Task directions: Print, exactly as they appear in the listing below, the lines from the line with "当COD16巡回赛无人问津，一个时代的落幕" to the line with "Walkorane - Blouson", with both end lines kept.

Data extract:
"""
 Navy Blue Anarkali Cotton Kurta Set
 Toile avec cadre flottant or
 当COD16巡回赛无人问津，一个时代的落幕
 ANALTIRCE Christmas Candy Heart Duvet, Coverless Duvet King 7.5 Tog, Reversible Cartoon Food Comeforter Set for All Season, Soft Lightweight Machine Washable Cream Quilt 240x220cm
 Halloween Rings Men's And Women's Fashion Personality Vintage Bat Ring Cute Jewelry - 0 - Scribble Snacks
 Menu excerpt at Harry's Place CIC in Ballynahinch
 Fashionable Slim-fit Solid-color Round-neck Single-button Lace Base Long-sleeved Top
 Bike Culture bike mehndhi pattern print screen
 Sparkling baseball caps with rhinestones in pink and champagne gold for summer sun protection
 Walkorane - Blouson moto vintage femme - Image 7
"""
"""
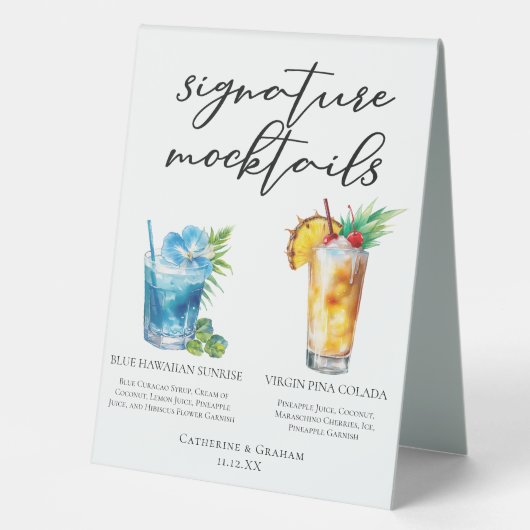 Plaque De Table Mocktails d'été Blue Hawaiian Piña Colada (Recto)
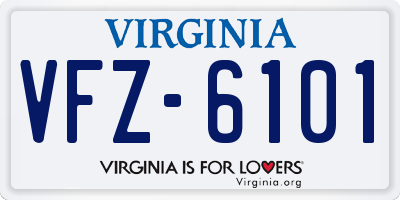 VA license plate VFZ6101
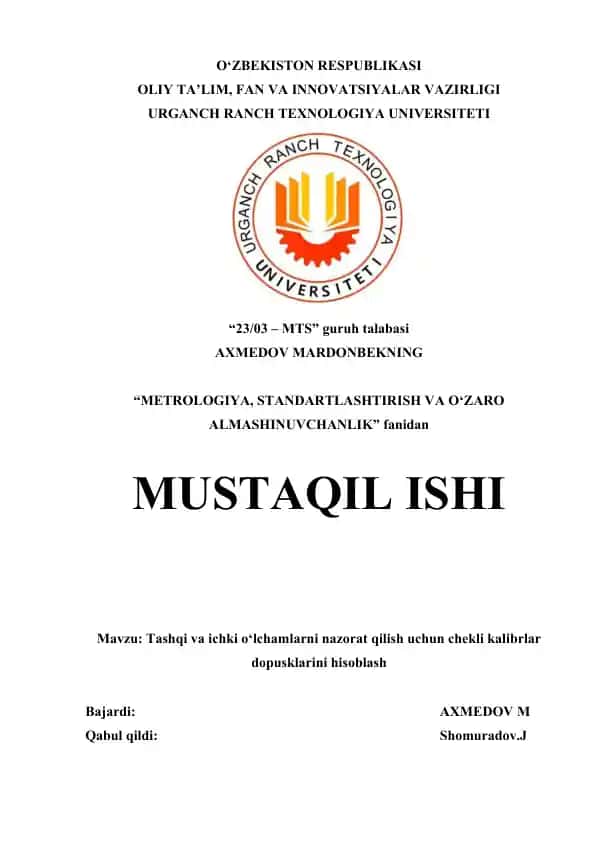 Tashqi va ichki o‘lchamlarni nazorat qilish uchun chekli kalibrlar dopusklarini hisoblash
"""
Answer to this exercise:
 当COD16巡回赛无人问津，一个时代的落幕
 ANALTIRCE Christmas Candy Heart Duvet, Coverless Duvet King 7.5 Tog, Reversible Cartoon Food Comeforter Set for All Season, Soft Lightweight Machine Washable Cream Quilt 240x220cm
 Halloween Rings Men's And Women's Fashion Personality Vintage Bat Ring Cute Jewelry - 0 - Scribble Snacks
 Menu excerpt at Harry's Place CIC in Ballynahinch
 Fashionable Slim-fit Solid-color Round-neck Single-button Lace Base Long-sleeved Top
 Bike Culture bike mehndhi pattern print screen
 Sparkling baseball caps with rhinestones in pink and champagne gold for summer sun protection
 Walkorane - Blouson moto vintage femme - Image 7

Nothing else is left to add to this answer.